Lapo Corsi's analogy is fine, but notice an assumption which surfaces in the way he develops it: "[I know that] Muslim theologians historically have given MORE weight to the 60 red [call to conquest] balls than to the 40 white [innocuous] balls." That’s more than I know, both WRT the proportion of red to white in the Quran and the historical tendencies of Muslim theology, but then I’m essentially ignorant on both topics. Still, I imagine Lapo’s conclusions here would also be assumed by most (maybe close to all) entering UNC. In other words, everybody knows that there are Muslims who cite the “hard” passages to support war or terrorism, and even if UNC had a master-plan to inculcate cultural relativism, they are surely not so mad as to think a one-week exposure to the “soft” passages could erase that knowledge. And every student with any common sense knows that selections are inherently… well, selective. So Lapo’s fear that “UNC students - exposed to lily-white-ball Quran - will find [Al-Quaeda’s claims to be justified by the Quran] incomprehensible” seems to me to wildly underestimate both the memory and the common sense capacities of those students.

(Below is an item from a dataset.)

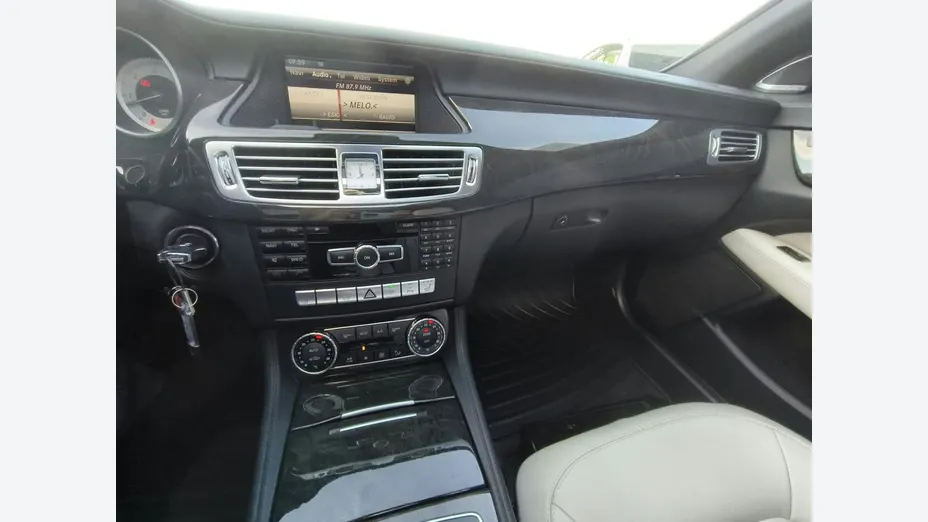 MERCEDES-BENZ CLS -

I would certainly subscribe to Joe Willingham's suggestion for a lecture series.

Posted by: Jeffrey Kramer on August 29, 2002 10:26 PM

A problem with teaching or lecturing on Islam is that the once great Islamic civilization has been in a pretty steady decline for the last few hundred years. Any course or lecture which deals candidly with that fact is likely to hurt some people's feelings. Fearing trouble, and eager to show "sensitivity" and deplay their allegiance to "multiculturalism", university officials are likely to insist that political correctness take precedence over historical accuracy.


Posted by: Joe Willingham on August 30, 2002 11:20 AM

It's worth noting that religions themselves, not just secular teachers, are strongly selective about their sacred texts.

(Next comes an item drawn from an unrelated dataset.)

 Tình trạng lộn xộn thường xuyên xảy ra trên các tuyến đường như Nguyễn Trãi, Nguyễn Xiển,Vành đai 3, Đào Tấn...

Orthodox Jews read the Torah integrally in worship every year and start again at the beginning; but select in the rest of the Tanakh, the Christian Old Testament. Christian churches roughly speaking have replaced the Torah with the similar-sized New Teatament, except for the strange and embarrassing Book of Revelations. In the lectionary they pick and choose in the Tanakh - Joshua and the technical bits of the three legal books of the Torah are more or less dropped.

Jack Miles' splendid "God: a Biography" includes a fascinating paragraph on scrolls and codices.

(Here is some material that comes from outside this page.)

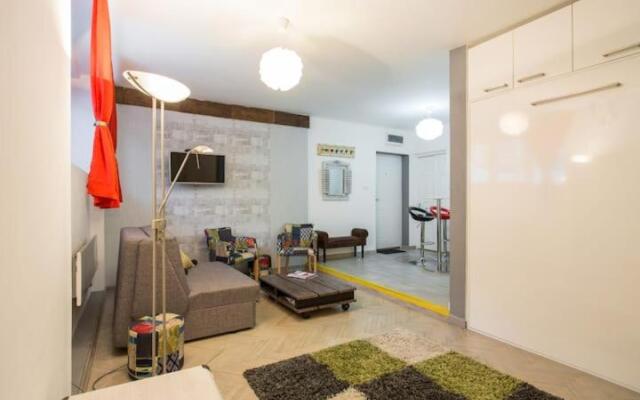 Apartment Francuska 16a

To paraphrase: up to about 100 CE, a book was a scroll, and finding a citation involved unrolling, as in an overlong Web page. Scrolls were shelved in pigeoholes, in no particular order. The codex or edge-bound book changed this. The rather scruffy Christians were early adopters of the new technology, and may even have invented it. Codices reduced access time to citations - at a time when thi swas the key to argument - by maybe a factor of ten: this gave the Christians m a polemical advantage against their rabbinical and Hellenistic opponents, wedded to inefficient tradition.

(I - not Miles - surmise that the later invention of verse numbering by the printers of Calvinist Bibles also gave Protestants a polemical advantage in reducing acces time to citations, perhaps by another factor of ten.)

Another consequence of the codex revolution was that as the scrolls now became chapters in a linear codex, the order had to be fixed. Jews and Christians fixed their shared packet of scrolls in different orders: the Tanakh goes Torah-Prophets-Histories, the Old Testament Torah-Histories-Prophets: in the former God first speaks directly, then indirectly, then hardly at all; in the latter God speaks directly, then hardly at all, then indirectly - pointing forward to a new revelation.